Caption-style text data:
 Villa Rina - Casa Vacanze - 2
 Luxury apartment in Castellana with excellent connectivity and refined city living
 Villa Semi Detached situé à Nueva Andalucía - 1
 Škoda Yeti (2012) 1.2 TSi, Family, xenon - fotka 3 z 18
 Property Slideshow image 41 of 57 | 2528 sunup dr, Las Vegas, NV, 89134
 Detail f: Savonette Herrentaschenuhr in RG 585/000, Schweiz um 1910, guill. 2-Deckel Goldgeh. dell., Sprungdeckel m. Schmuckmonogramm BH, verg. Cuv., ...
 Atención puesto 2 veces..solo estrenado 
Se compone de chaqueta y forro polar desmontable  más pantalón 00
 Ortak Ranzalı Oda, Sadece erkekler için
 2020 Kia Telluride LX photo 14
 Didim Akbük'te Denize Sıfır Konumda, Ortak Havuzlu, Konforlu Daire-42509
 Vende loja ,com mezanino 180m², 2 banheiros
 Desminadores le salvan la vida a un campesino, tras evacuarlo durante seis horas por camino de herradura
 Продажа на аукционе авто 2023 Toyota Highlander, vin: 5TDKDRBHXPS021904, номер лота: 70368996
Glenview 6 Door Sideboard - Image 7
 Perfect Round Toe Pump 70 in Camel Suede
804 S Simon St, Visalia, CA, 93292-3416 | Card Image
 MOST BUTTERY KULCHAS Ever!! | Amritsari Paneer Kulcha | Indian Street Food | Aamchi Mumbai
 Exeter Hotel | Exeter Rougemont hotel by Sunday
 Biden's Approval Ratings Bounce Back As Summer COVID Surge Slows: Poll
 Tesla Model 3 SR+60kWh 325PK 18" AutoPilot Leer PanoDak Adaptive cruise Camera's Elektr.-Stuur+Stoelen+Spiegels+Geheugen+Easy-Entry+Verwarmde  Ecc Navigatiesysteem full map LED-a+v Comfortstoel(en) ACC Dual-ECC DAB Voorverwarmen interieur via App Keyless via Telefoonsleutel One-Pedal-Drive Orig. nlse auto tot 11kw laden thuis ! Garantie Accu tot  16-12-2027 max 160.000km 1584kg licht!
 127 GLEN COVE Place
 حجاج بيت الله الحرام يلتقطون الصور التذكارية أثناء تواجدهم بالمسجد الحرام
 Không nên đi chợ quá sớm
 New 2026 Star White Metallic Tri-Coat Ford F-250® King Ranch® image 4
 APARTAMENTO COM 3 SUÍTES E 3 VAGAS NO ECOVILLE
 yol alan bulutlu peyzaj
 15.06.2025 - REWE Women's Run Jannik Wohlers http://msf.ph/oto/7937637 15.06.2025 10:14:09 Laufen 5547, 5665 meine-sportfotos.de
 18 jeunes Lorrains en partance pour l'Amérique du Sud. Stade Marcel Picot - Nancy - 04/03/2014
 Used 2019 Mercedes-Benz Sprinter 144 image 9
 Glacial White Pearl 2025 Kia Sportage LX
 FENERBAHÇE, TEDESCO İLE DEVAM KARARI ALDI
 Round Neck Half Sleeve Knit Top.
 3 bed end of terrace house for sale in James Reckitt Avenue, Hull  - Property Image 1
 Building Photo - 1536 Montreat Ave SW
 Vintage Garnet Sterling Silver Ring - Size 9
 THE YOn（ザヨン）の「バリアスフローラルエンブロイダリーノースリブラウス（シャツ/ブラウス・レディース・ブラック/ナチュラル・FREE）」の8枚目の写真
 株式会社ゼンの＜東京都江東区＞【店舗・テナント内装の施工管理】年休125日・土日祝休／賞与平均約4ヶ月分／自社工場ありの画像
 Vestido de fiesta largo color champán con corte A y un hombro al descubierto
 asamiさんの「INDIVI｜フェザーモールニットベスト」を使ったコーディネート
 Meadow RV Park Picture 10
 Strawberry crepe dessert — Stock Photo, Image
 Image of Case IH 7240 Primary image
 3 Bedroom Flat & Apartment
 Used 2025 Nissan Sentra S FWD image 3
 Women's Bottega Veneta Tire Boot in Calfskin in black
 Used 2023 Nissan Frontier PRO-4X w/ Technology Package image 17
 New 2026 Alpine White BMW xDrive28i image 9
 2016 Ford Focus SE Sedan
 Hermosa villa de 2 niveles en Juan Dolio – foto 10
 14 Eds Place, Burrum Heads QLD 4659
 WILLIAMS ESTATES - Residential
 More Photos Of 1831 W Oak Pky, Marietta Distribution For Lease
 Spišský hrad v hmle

Exercise requirements> Output each line of the entries exactly, so that nothing is lost.

Completed exercise>
 Villa Rina - Casa Vacanze - 2
 Luxury apartment in Castellana with excellent connectivity and refined city living
 Villa Semi Detached situé à Nueva Andalucía - 1
 Škoda Yeti (2012) 1.2 TSi, Family, xenon - fotka 3 z 18
 Property Slideshow image 41 of 57 | 2528 sunup dr, Las Vegas, NV, 89134
 Detail f: Savonette Herrentaschenuhr in RG 585/000, Schweiz um 1910, guill. 2-Deckel Goldgeh. dell., Sprungdeckel m. Schmuckmonogramm BH, verg. Cuv., ...
 Atención puesto 2 veces..solo estrenado 
Se compone de chaqueta y forro polar desmontable  más pantalón 00
 Ortak Ranzalı Oda, Sadece erkekler için
 2020 Kia Telluride LX photo 14
 Didim Akbük'te Denize Sıfır Konumda, Ortak Havuzlu, Konforlu Daire-42509
 Vende loja ,com mezanino 180m², 2 banheiros
 Desminadores le salvan la vida a un campesino, tras evacuarlo durante seis horas por camino de herradura
 Продажа на аукционе авто 2023 Toyota Highlander, vin: 5TDKDRBHXPS021904, номер лота: 70368996
Glenview 6 Door Sideboard - Image 7
 Perfect Round Toe Pump 70 in Camel Suede
804 S Simon St, Visalia, CA, 93292-3416 | Card Image
 MOST BUTTERY KULCHAS Ever!! | Amritsari Paneer Kulcha | Indian Street Food | Aamchi Mumbai
 Exeter Hotel | Exeter Rougemont hotel by Sunday
 Biden's Approval Ratings Bounce Back As Summer COVID Surge Slows: Poll
 Tesla Model 3 SR+60kWh 325PK 18" AutoPilot Leer PanoDak Adaptive cruise Camera's Elektr.-Stuur+Stoelen+Spiegels+Geheugen+Easy-Entry+Verwarmde  Ecc Navigatiesysteem full map LED-a+v Comfortstoel(en) ACC Dual-ECC DAB Voorverwarmen interieur via App Keyless via Telefoonsleutel One-Pedal-Drive Orig. nlse auto tot 11kw laden thuis ! Garantie Accu tot  16-12-2027 max 160.000km 1584kg licht!
 127 GLEN COVE Place
 حجاج بيت الله الحرام يلتقطون الصور التذكارية أثناء تواجدهم بالمسجد الحرام
 Không nên đi chợ quá sớm
 New 2026 Star White Metallic Tri-Coat Ford F-250® King Ranch® image 4
 APARTAMENTO COM 3 SUÍTES E 3 VAGAS NO ECOVILLE
 yol alan bulutlu peyzaj
 15.06.2025 - REWE Women's Run Jannik Wohlers http://msf.ph/oto/7937637 15.06.2025 10:14:09 Laufen 5547, 5665 meine-sportfotos.de
 18 jeunes Lorrains en partance pour l'Amérique du Sud. Stade Marcel Picot - Nancy - 04/03/2014
 Used 2019 Mercedes-Benz Sprinter 144 image 9
 Glacial White Pearl 2025 Kia Sportage LX
 FENERBAHÇE, TEDESCO İLE DEVAM KARARI ALDI
 Round Neck Half Sleeve Knit Top.
 3 bed end of terrace house for sale in James Reckitt Avenue, Hull  - Property Image 1
 Building Photo - 1536 Montreat Ave SW
 Vintage Garnet Sterling Silver Ring - Size 9
 THE YOn（ザヨン）の「バリアスフローラルエンブロイダリーノースリブラウス（シャツ/ブラウス・レディース・ブラック/ナチュラル・FREE）」の8枚目の写真
 株式会社ゼンの＜東京都江東区＞【店舗・テナント内装の施工管理】年休125日・土日祝休／賞与平均約4ヶ月分／自社工場ありの画像
 Vestido de fiesta largo color champán con corte A y un hombro al descubierto
 asamiさんの「INDIVI｜フェザーモールニットベスト」を使ったコーディネート
 Meadow RV Park Picture 10
 Strawberry crepe dessert — Stock Photo, Image
 Image of Case IH 7240 Primary image
 3 Bedroom Flat & Apartment
 Used 2025 Nissan Sentra S FWD image 3
 Women's Bottega Veneta Tire Boot in Calfskin in black
 Used 2023 Nissan Frontier PRO-4X w/ Technology Package image 17
 New 2026 Alpine White BMW xDrive28i image 9
 2016 Ford Focus SE Sedan
 Hermosa villa de 2 niveles en Juan Dolio – foto 10
 14 Eds Place, Burrum Heads QLD 4659
 WILLIAMS ESTATES - Residential
 More Photos Of 1831 W Oak Pky, Marietta Distribution For Lease
 Spišský hrad v hmle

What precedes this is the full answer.